Back to zombies and our hanging child. • Whenever we fork and create a child must wait for them to prevent them from becoming zombies. • To implement the wait, establish a signal handler to catch SIGCHLD and then call the wait within. Signal (SIGCHLD, sig_chld); and the function void sig_chld ( int signo) { pid = wait ( &stat); Engineering and WAY beyond
A significant problem with the example of Figure 5.2 (pg 122). • The parent blocks in its call to accept when the SIGCHLD signal occurs.
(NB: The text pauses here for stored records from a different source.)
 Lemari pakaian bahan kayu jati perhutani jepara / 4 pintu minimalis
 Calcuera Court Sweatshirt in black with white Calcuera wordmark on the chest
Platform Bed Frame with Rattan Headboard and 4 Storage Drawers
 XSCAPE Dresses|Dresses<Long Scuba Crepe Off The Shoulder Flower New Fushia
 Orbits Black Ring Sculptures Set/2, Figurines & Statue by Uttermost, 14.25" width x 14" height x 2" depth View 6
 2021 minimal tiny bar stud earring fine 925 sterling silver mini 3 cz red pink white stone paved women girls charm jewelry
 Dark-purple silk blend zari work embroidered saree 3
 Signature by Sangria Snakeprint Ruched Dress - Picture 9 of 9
The signal handler executes (sig_chld), wait fetches the child’s PID, and the signal handler returns. • Since the signal was caught by the parent while the parent was blocked in a slow system call (accept) the kernel causes the accept to return an error (EINTR - interrupted system call). • Slow system calls are any call that can block forever. • The parent then aborts. • Therefore must be aware of interrupted system calls and must provide a means to handle them. • This is the purpose of the SA_RESTART flag; to automatically restart interrupted system calls.
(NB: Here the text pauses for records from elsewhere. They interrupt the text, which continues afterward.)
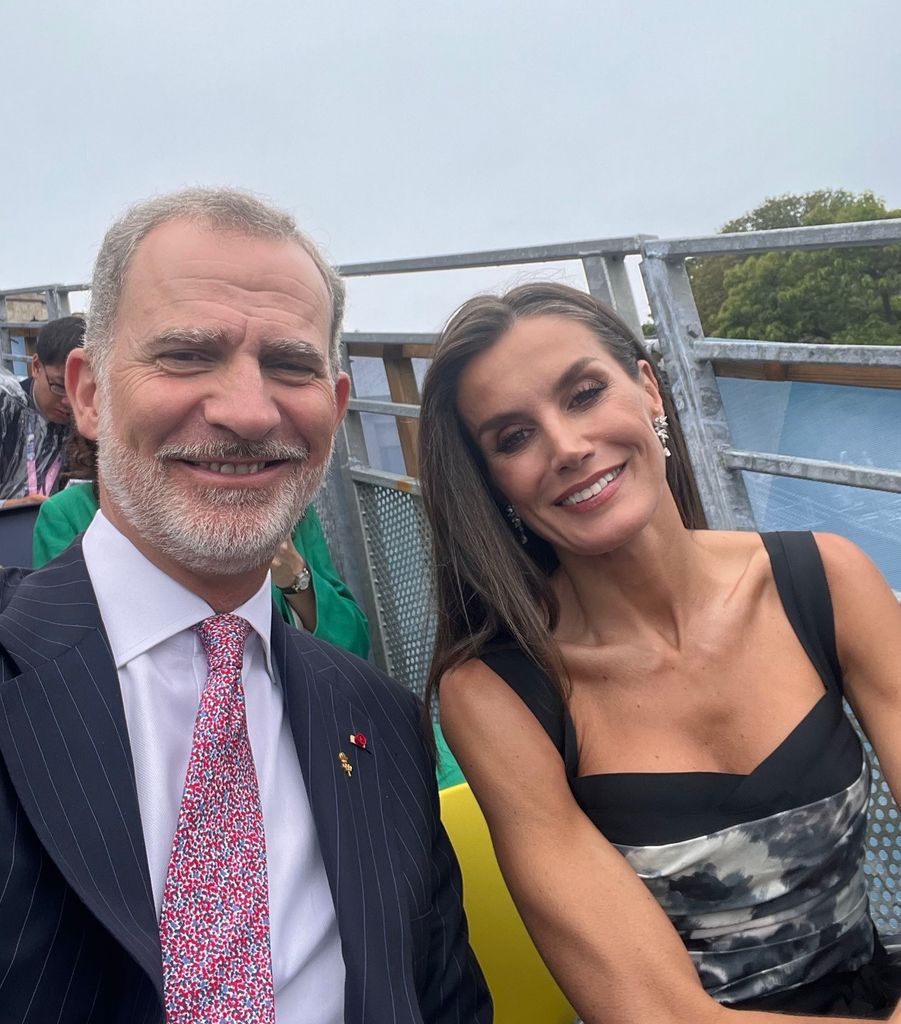 King Felipe and Queen Letizia take a selfie at the Paris 2024 Olympics Opening Ceremony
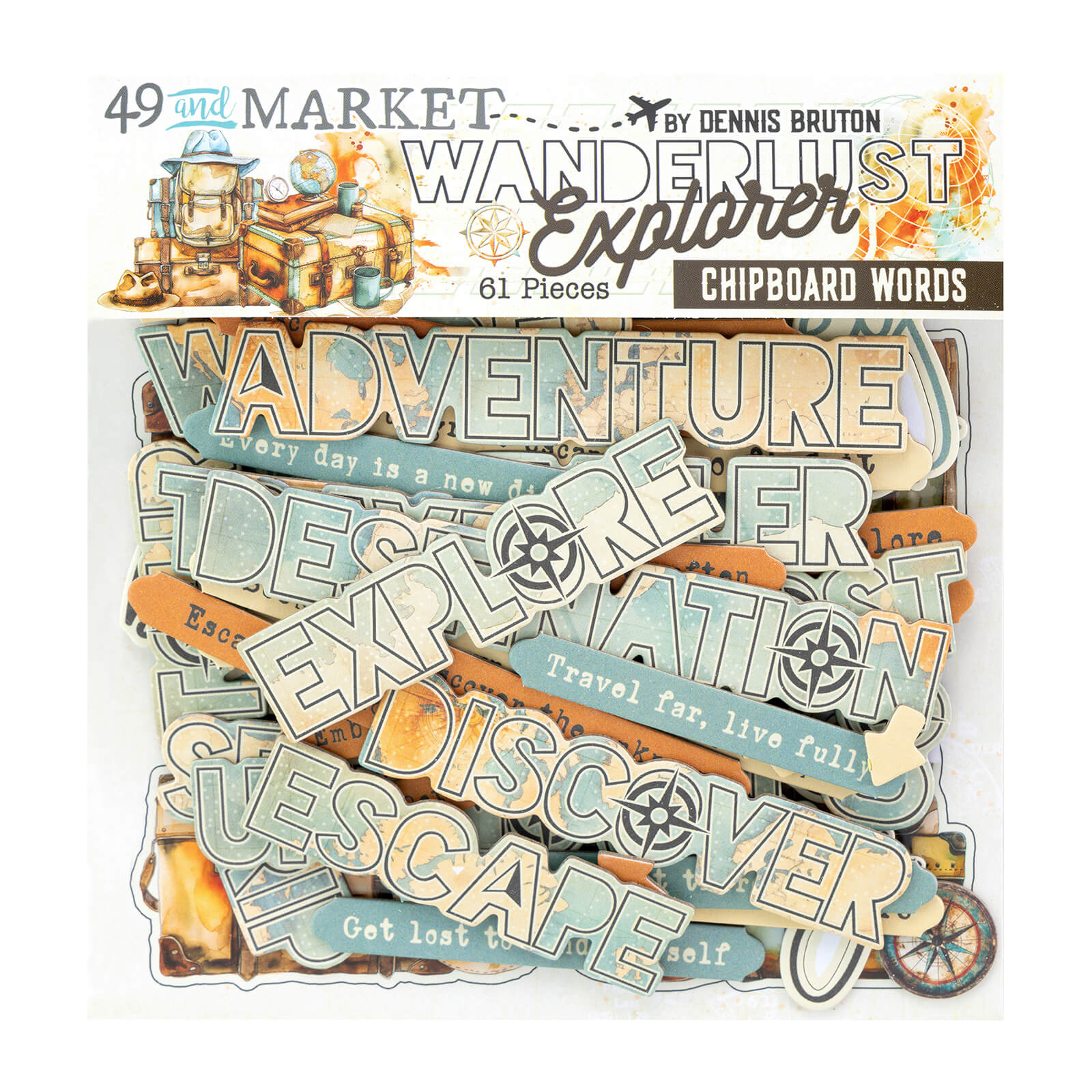 Bild von Wanderlust Explorer - 49 And Market Chipboard Words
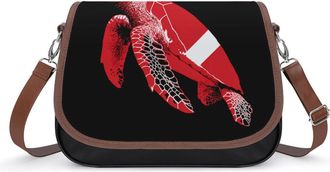 Generic Sea Turtle Scuba Dive Flag Crossbody Bags for Women Shoulder Messenger Bag Purse Handbags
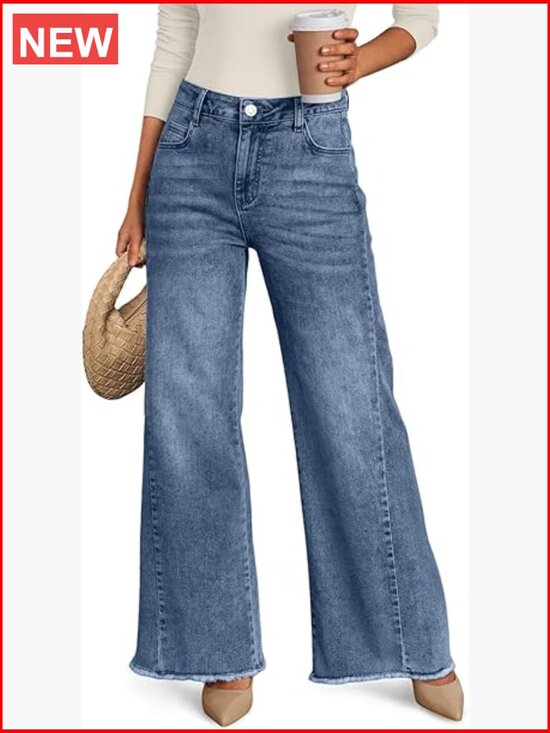 Denim - Wide Leg Jeans Raw Hem Relaxed Fit Denim Button Fly Stretch Waist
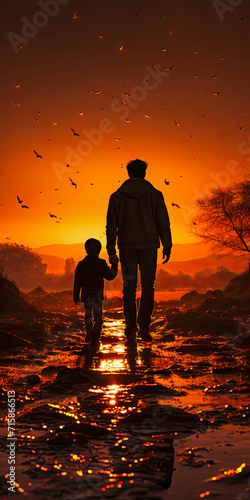 father's love for son at sunset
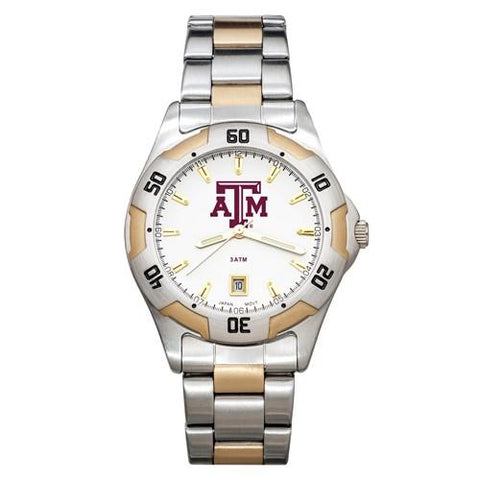 Texas A&M University All-Pro Mens Watch - Gold and Silver Tone - Bracelet - TAM153_30803224-ad89-4f8f-a945-5b58f18a63ce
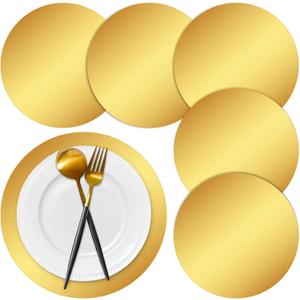 50 Pieces Gold Paper Placemats Round Disposable Glitter Table Mats Mirror Foil Decorative Place Mats for Wedding Holiday Party Christmas Dining Table Decor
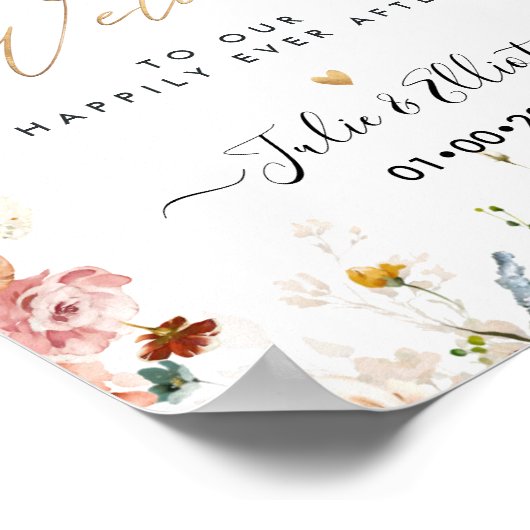 PixDezines Boho秋ガーデンフラワーウェルカムサイン ポスター (角)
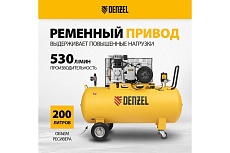 Воздушный компрессор Denzel ременной привод BCI3000-T/200, 3,0 кВт, 200 литров, 530 л/мин 58119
Handling Interrupted System Calls • Basic rule: when a process is blocked in a slow system call and the process catches a signal and the signal handler returns, the system call can return an EINTR. • Some kernels automatically restart some interrupted system calls. • To handle the interrupted accept for (; ; ) if ( ( connfd = accept (……) ) < 0 ) if (errno == EINTR) continue;
Handling Interrupted System Calls • connect cannot be restarted using the self restart. Must use a select. • The select can be used to check for a successful or unsuccessful completion of the connection. • The code will time wait on the connection establishment and can thereby specify a time limit to wait (can wait forever therefore infinite blocking). • This is typically used with a non-blocking TCP socket on which a connect is called. • The non-blocking TCP socket allows multiple connections to be established at the same time; used with some Web browsers.
Wait function • The wait function returns two values; one through a return and one through a value-result pair. • One value is the process id of the terminated child (returned). • The other value is an integer (value-result) that represents the termination status of the child. (normally, killed-by-signal, or a job control stop). • The waitpid function provides more control allowing deterministic choice of which process to wait for. Also a variety of options are available for further definition of the wait state behavior. • waitpidaddresses the shortcoming of establishing a signal handler and simply calling wait; it won’t prevent zombies.
In a multiple child termination process, a number of termination signals can be generated prior to the signal handler executing. • The signal handler will only execute once, since Unix normally does not queue signals. • Hence the signal handler will only execute one or two times (same machine or different) leaving N-2 or N-1 zombies. • The solution is to run waitpid in a loop which will obtain the status of any children to be terminated. • Must use the WNOHANG option (3rd argument). This tells waitpid not to block if there are children running.